Working as a collective under the name Les Pigeons, Mehdi Alavi, Loic Bramoulle, Axel Digoix, Geoffrey Lerus and Alexandre Wolfromm got together to make their graduation film entitled Parigot, a colloquialism meaning Parisian.

A distinguished delivery driver from an upmarket restaurant struggles to hang on to the dish he’s charged with transporting to a client while fighting off Claude, the ‘pigeons’ king’, who is hell-bent on stealing the food. The directors say: “Those two characters are pathetic and they fight for causes that are not theirs – the hobo for his pigeons; the deliverer for his bosses. That is what we loved about them.”

Within seconds, the scene is set and the characters are clear. Then they embark on an epic chase through the streets of Paris, the deliverer on his motorbike and Claude aided by his birds.

There’s no dialogue in the entire film and it doesn’t need any. The action is gripping throughout and the animation mesmerising, as is the wonderfully rich city that Les Pigeons created with a painstaking attention to detail. “We were inspired by the style of Paris circa 1900 and researched many pictures from that period,” say the directors. “We also had a look at Gérard Trignac, Mucha and Hopper’s work to make the city spectacular and shining. We had in mind an amazing but credible world, and we tried to follow this idea all the way through production.”

Other influences the collective cite include animated films such as Monsters Inc, Fumiko no Kokuhaku and Oktapodi, as well as everything from comics and illustrations to video games.
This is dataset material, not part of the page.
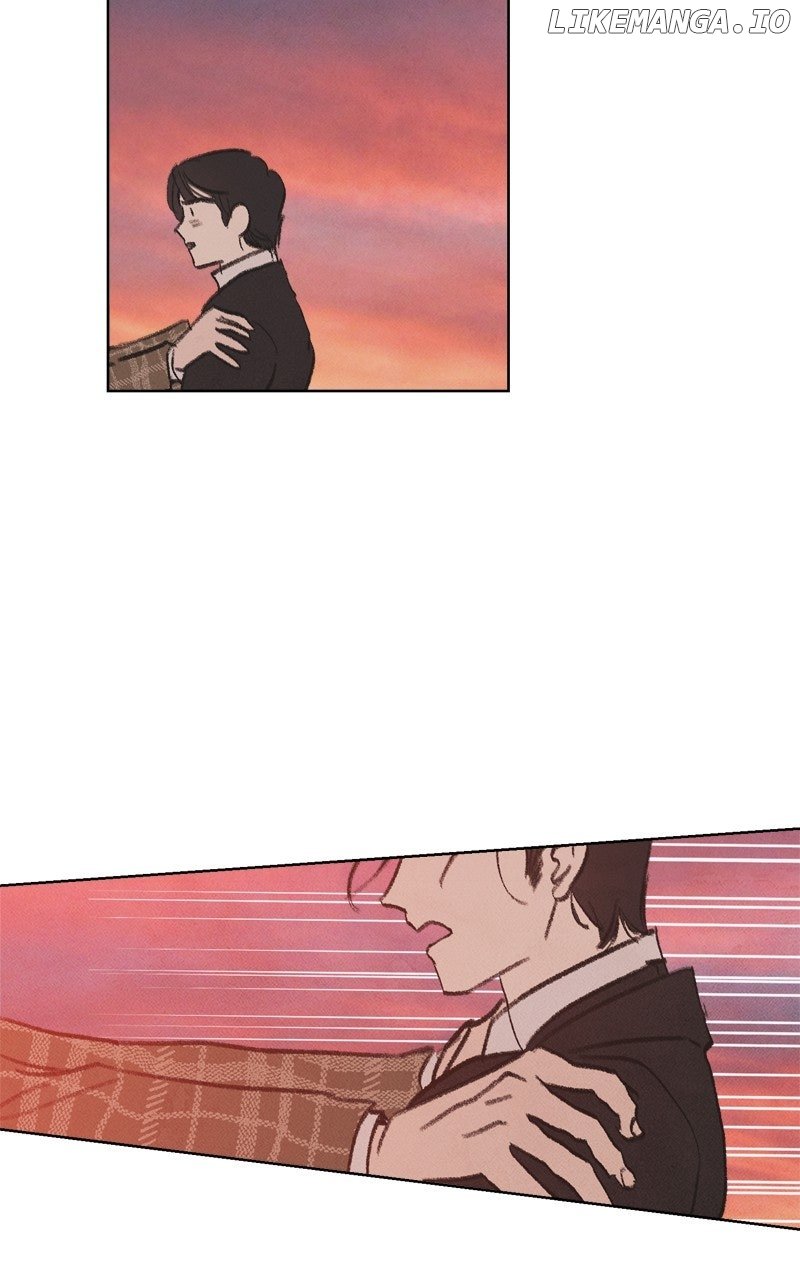 ch 53 48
Did the number of directors cause arguments? “A lot! That was one of the most difficult things that we had to deal with: agree on a story, a style, a universe, everything. We had different ideas in many directions. We had to submit to the others’ wishes without giving up our own wishes, so there were months and months of negotiations.”

But they also found positives in working together, such as “the sharing of the work, especially the boring parts, and there are a lot”. They add: “We all knew what we wanted to do and what the others in the team were good at. But all the things that didn’t interest anyone still had to be done.”
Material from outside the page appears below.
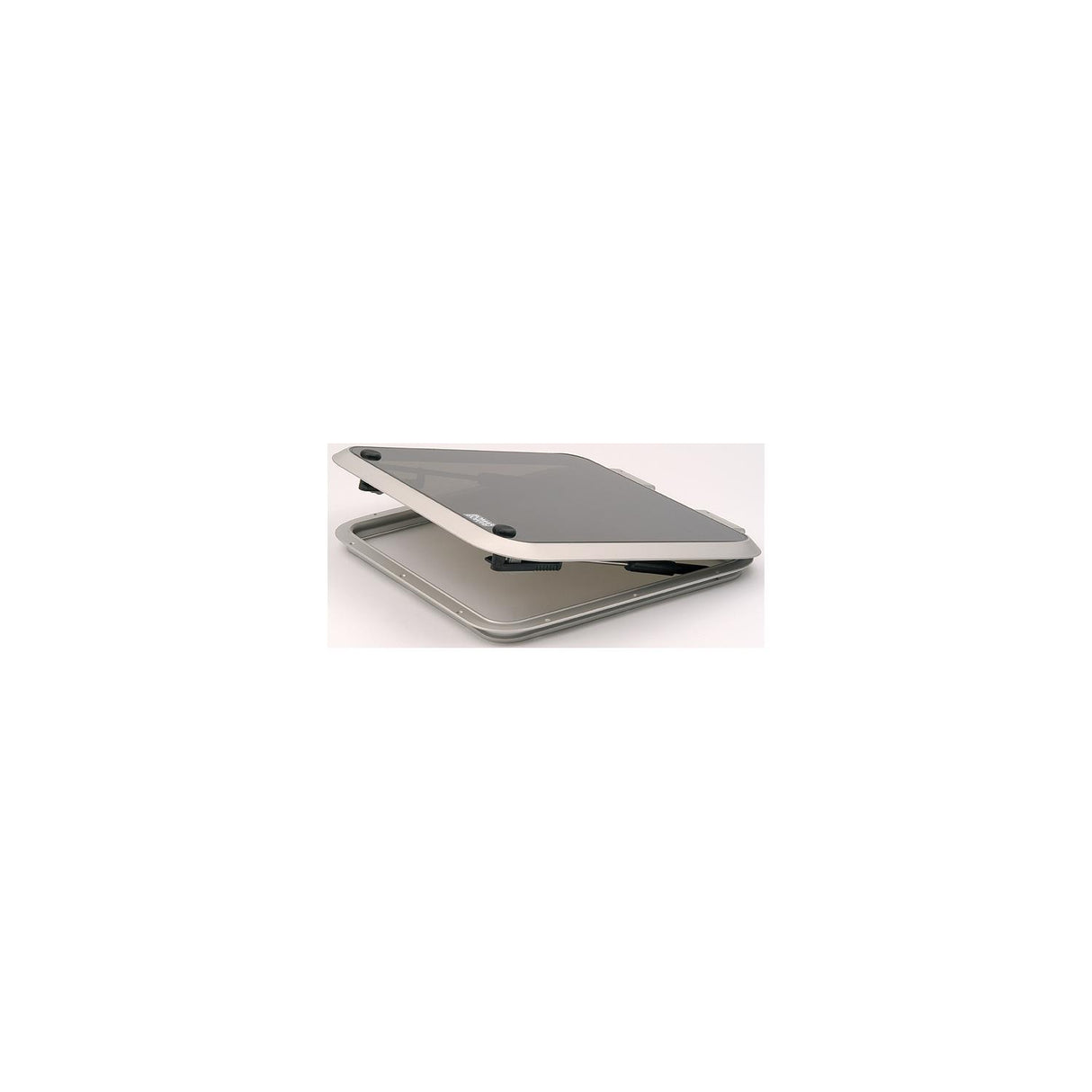 Low Profile Hatch, 13-1/8 X 18-1/2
The directors all work for different animation companies in Paris but as a collective are signed to Premium Film for documentaries and shorts and to Les Producers for commercials. They are keen to work as a team again when the opportunity arises and, after the success of Parigot, it probably won’t be long because in this particular case, despite the number of cooks, Les Pigeons still produced a delicious broth.